Raw data.

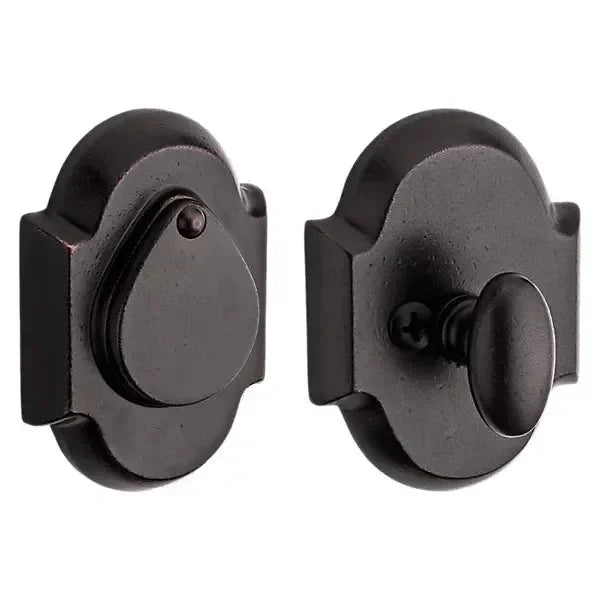 The Baldwin Reserve Rustic Arch Deadbolt in Dark Bronze finish.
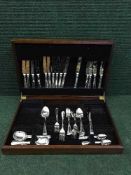 A mahogany canteen of cutlery
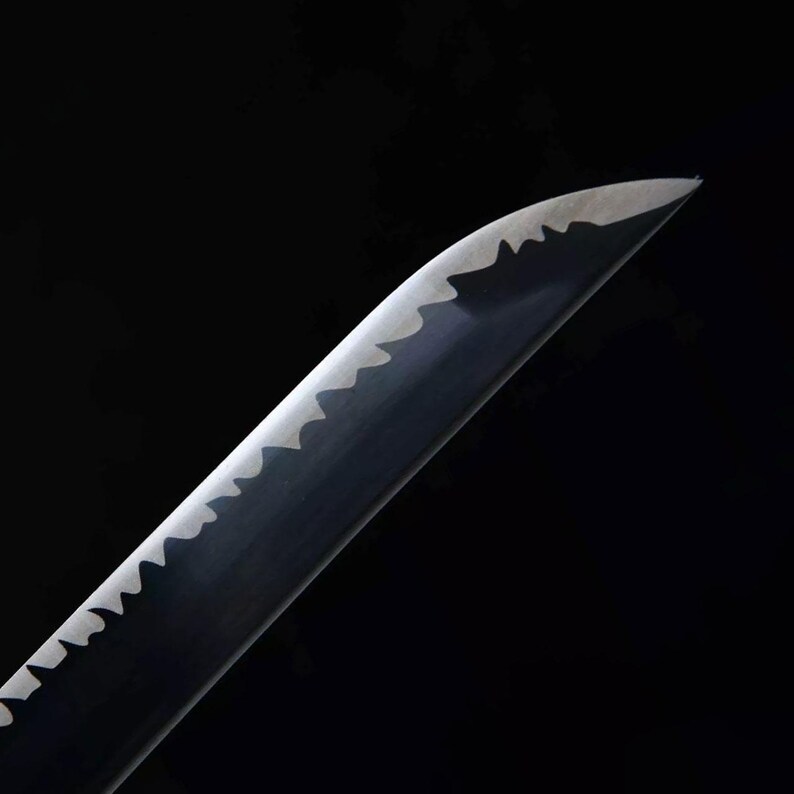 May include: Close-up of a katana blade with a distinctive wavy edge. The blade is dark with a polished, reflective surface. The edge is a lighter color, creating a contrast against the dark background.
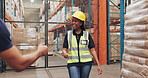 Happy black woman, engineer and greeting at warehouse with colleagues for shipping, logistics or storage. Excited African, female person or contractor walking in depot with employees for teamwork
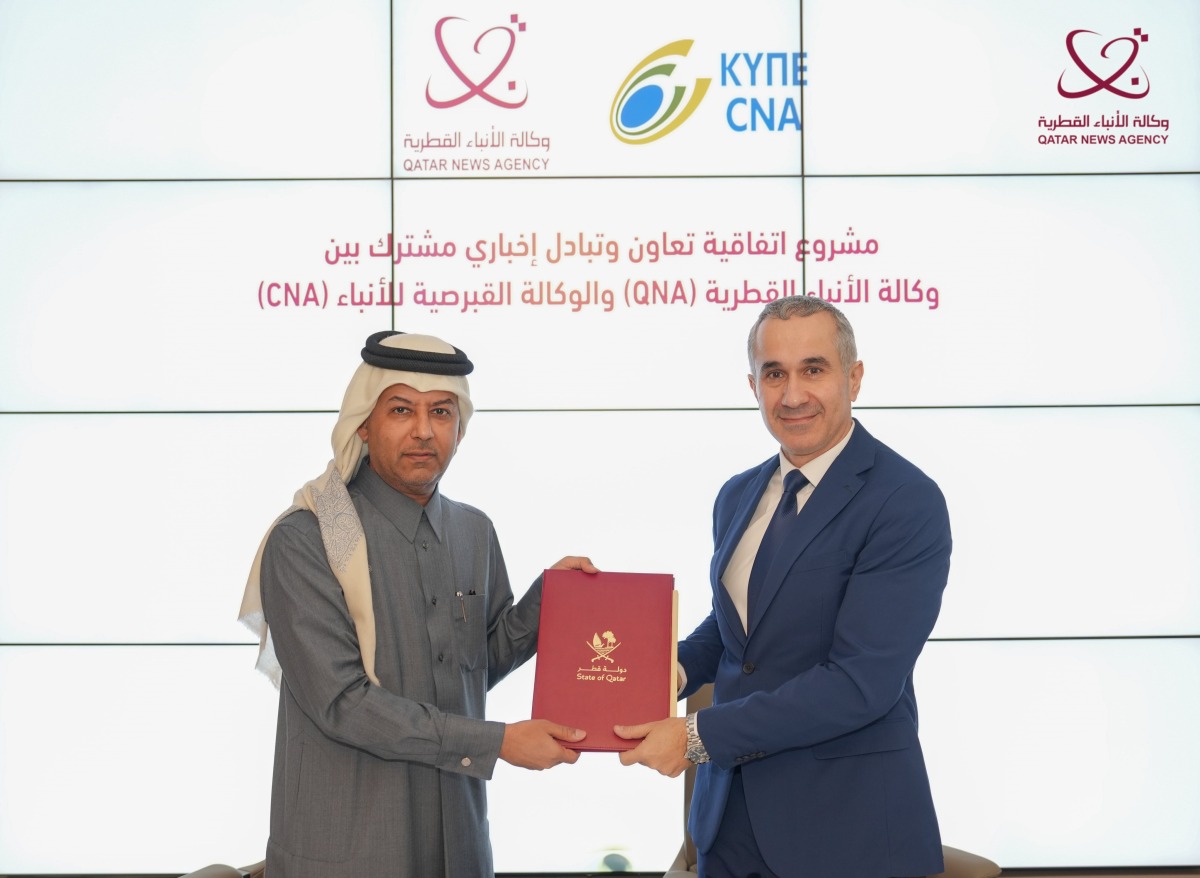 Director-General of QNA H E Ahmed bin Saeed Al Rumaihi and Chairman of CNA H E Andreas Frangos during the signing of the agreement.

About this task. Where a picture appears, skip it and copy the rest of the data word for word.

Task answer.
 The Baldwin Reserve Rustic Arch Deadbolt in Dark Bronze finish.
 A mahogany canteen of cutlery
 May include: Close-up of a katana blade with a distinctive wavy edge. The blade is dark with a polished, reflective surface. The edge is a lighter color, creating a contrast against the dark background.
 Happy black woman, engineer and greeting at warehouse with colleagues for shipping, logistics or storage. Excited African, female person or contractor walking in depot with employees for teamwork
 Director-General of QNA H E Ahmed bin Saeed Al Rumaihi and Chairman of CNA H E Andreas Frangos during the signing of the agreement.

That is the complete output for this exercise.